“ What is ETL ? ” This month, almost every week I am being asked this question. it's a obvious questions for many of my new colleagues who are in other technologies like Dot net, Share point, antenna mobile, Biztalk, Extraview etc.
Probably , You might also need to know this term because somewhere you would have come across one of following term like “ETL tools”, “ETL technology”, “ETL integration” etc , etc …. and one of these term would have put interest in you to know more about that “what it is?”.
As usual ‘ What is ETL ’ can also be defined in many ways and here I am attempting to write two versions
A Non-geek perspective !!!!!!!!!!!!!!!!!!
Geek perspective !!!!!!!!!!!!!!!!!!
ETL is ECL
What is ETL ? (Common perspective – Non Geek )
ETL is shortened form of EXTRACT, TRANSFORM, LOAD. It is a process or methods where with any means data gets extracted from some source , then this data gets changed (transformed ) as per specific need , further changed ( transformed ) data gets loaded to another system mostly known as target system. Let’s take simple example of school to understand this. Let's Say, Your school principal wants to know that every month how many students are successfully clearing subject tests. In another words, how many (%) students failing and in which subject they are failing?
Here application which will work for principle, Will pull data from exam management system and HR system(called as EXTRACT). Pulled data will be coupled and integrated to sum up student marks (referred as TRANSFORM), further this data will be placed in princy’s application (referred as LOAD). Isn’t simple???
What is ETL ? (Geek perspective)
ETL is generic term which expands as Extract, Transform and Load. This technology heavily leveraged in EAI (Enterprise application integration ), DI(Data integration) and BI(business intelligence ) space. Over period of time ETL has significantly served enterprise IT's application integration needs.

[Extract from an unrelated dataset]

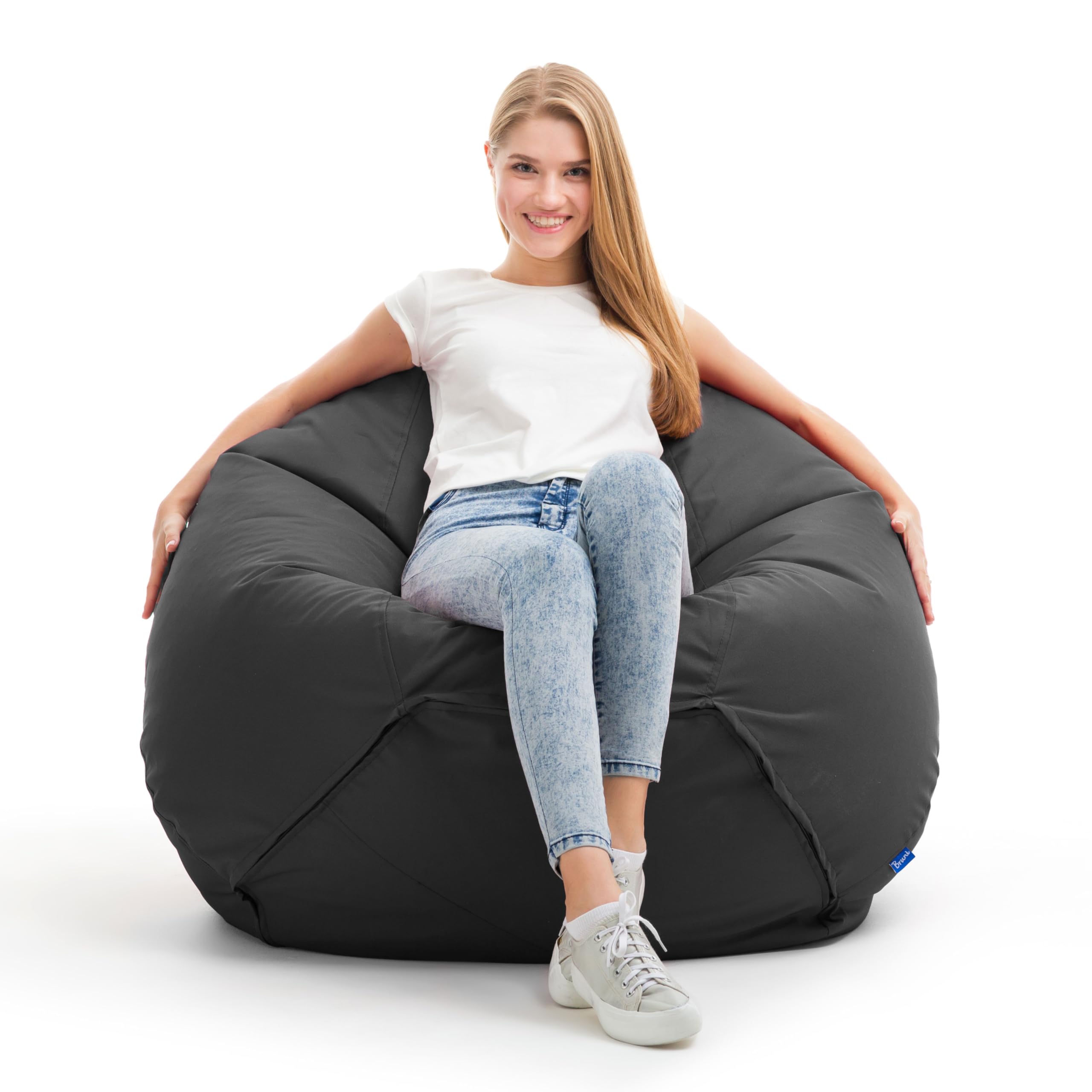 Bruni Sitzsack Classico L in Grau – XXL Sitzsack für Erwachsene mit Innensack, Abnehmbarer Bezug, lebensmittelechte EPS-Perlen als Bean-Bag-Füllung, aus Deutschland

Application integration is next big challenge in enterprise IT space where organizations see high potential for tools.
Two Real time scenario
First sample, Fetching product complaints from salesforce.com (Cloud based CRM system) to make this data available to product quality team to further analyze so it can eventually help them to make that product better. In this case ETL can establish process to make this data available in a meaningful way, so it could easily understood by product quality team.
Another Sample, Providing drug adverse effect data to the team of scientist who can further review it on periodic basis. In this case ETL can pull data from multiple systems (Web, standalone, Mainframe etc) and push it to system getting used by scientist.

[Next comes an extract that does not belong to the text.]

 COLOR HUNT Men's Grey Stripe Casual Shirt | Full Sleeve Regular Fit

5 Interesting facts about ETL
- Business intelligence is the most common space for ETL. Where it gets leveraged to pull data from different systems. This data gets transformed. and at last this data gets pushed to data base tables. These tables later get used by another IT application which provides reports to business user.

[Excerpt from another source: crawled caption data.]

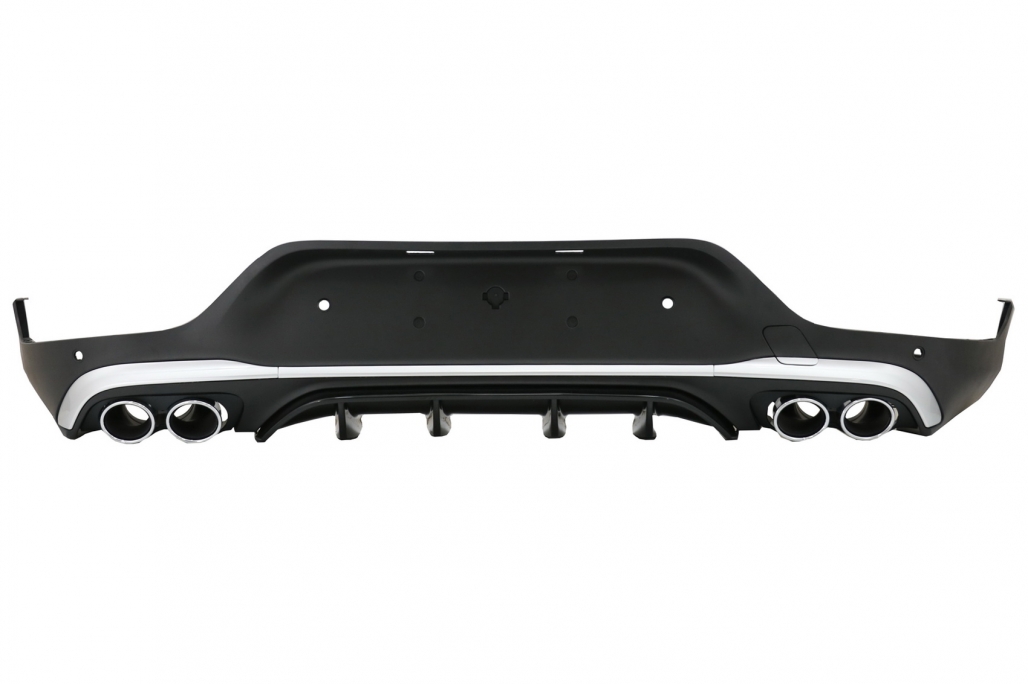 Diffuser passend voor Mercedes GLC C253 (2020-..) Coupe Facelift GLC43 incl. Uitlaat Stukken Zilver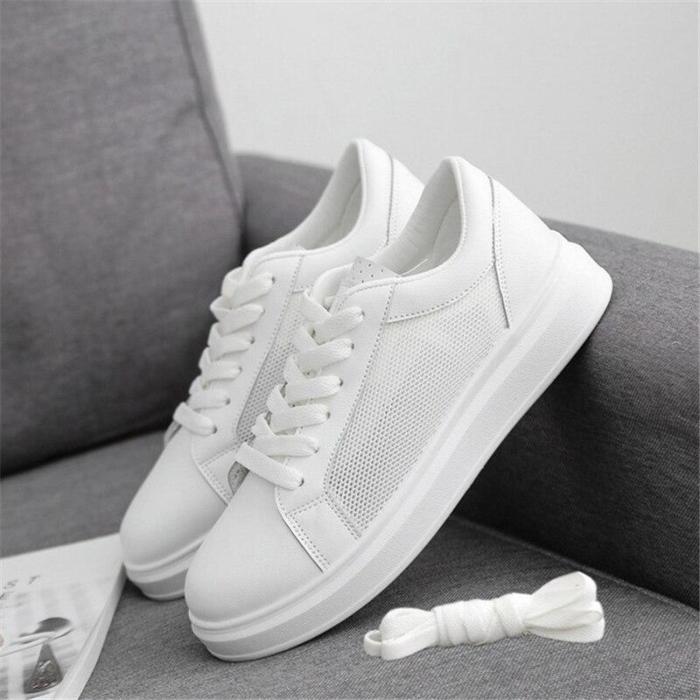 White Sneakers Women's Comfort Flat Breathable Casual Shoes Outdoor Girl Lace-Up Walking Shoes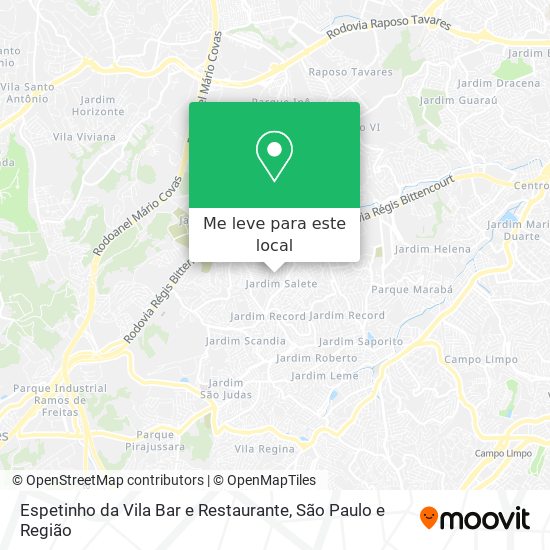 Espetinho da Vila Bar e Restaurante mapa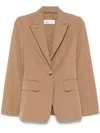 Max Mara Notched Lapels Single-breasted Jacket With Split Cuffs In Multicolor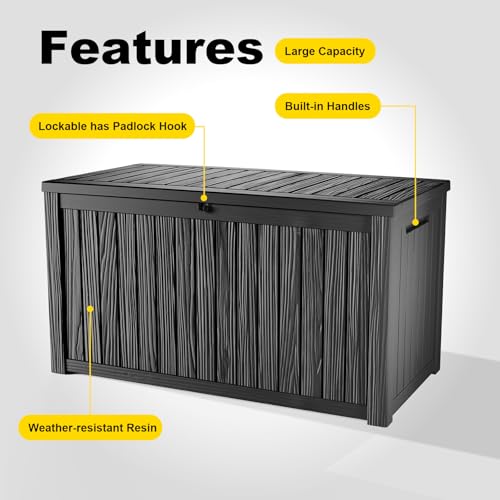 Image of 200 Gallon Waterproof Outdoor Storage Box, UV Resistant Resin Deck Box with Hydraulic Rod for Reinforced Stability, Perfect for Patio, Garden, and Pool（Black，200 Gallon）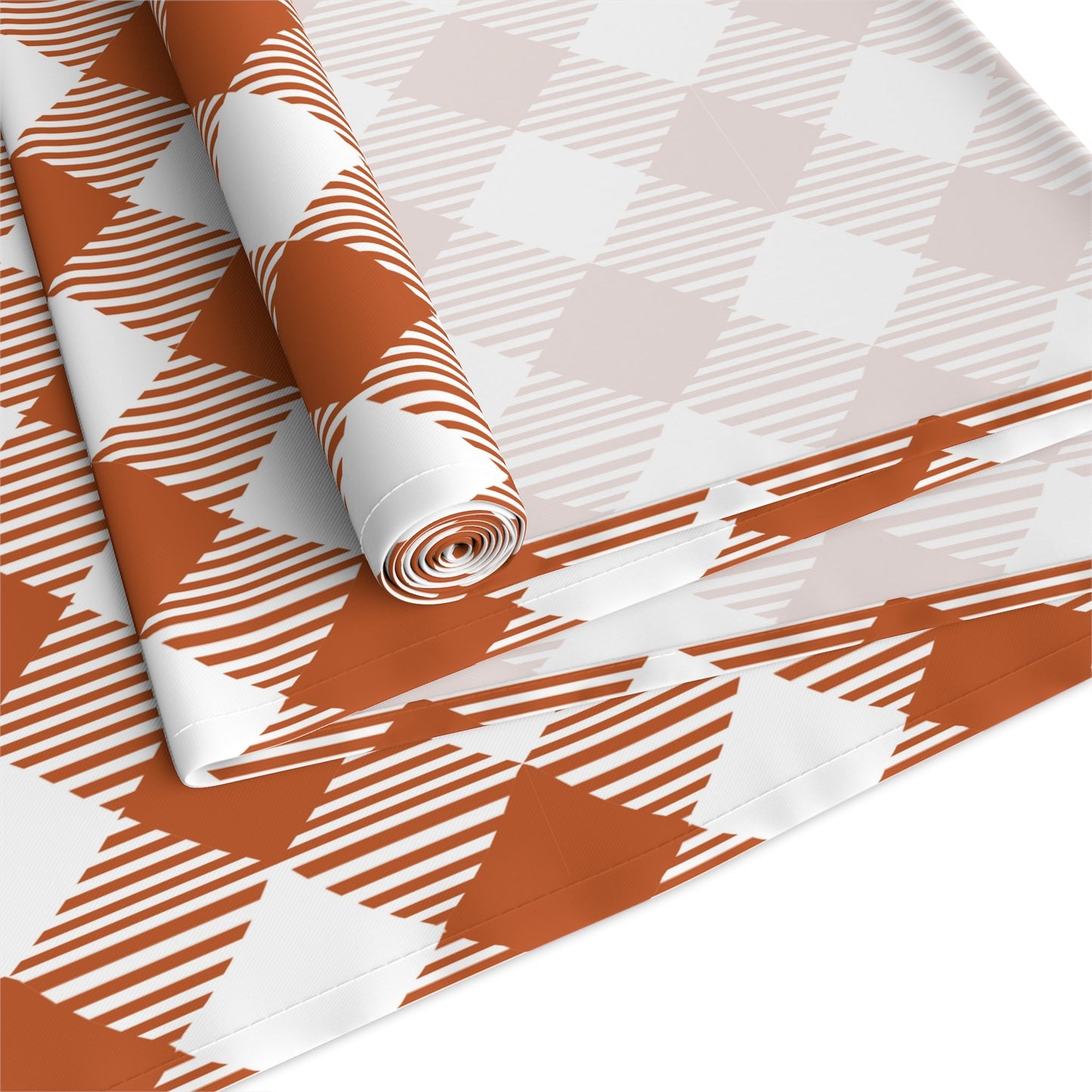 Table Runner | Dark Orange & White | Gingham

- This technology works behind or in-between most of the time without any user interface. Many tools are available to perform ETL activities and those tools are generally called as ETL tools.
- moreover helps organization to achieve single version of data. This itself is a big topic and need to be focused separately.
- You might be having questions revolving around “Why should I use tools when I can do all these things with data base SQL” . Ahead are few reasons because of which tools gets used by enterprises.
ETL tools are helpful than internal coded ETL (SQL)
Following are few of the most common reasons to go for tools
- Ease of use
- Built-in objects: Like aggregators
- Easy debugging
- Good Auditing capabilities
- Easy skill availability: Believe me there is a dearth of talent who can code it with SQL or PLSQL.
- Structured development path and extensibility
ETL Application Flow
A typical application data flow looks like this, Data first pulled in staging area from multiple sources. Staging area is a temporary area which helps to perform data standardization , cleansing and scrubbing. Staging area contains standardized form of data. after this data gets transformed as per business needs. further this data put up in target system. this system eventually use this data to perform ad-hoc reporting. Reporting systems are altogether different system and there are different challenges associated with them.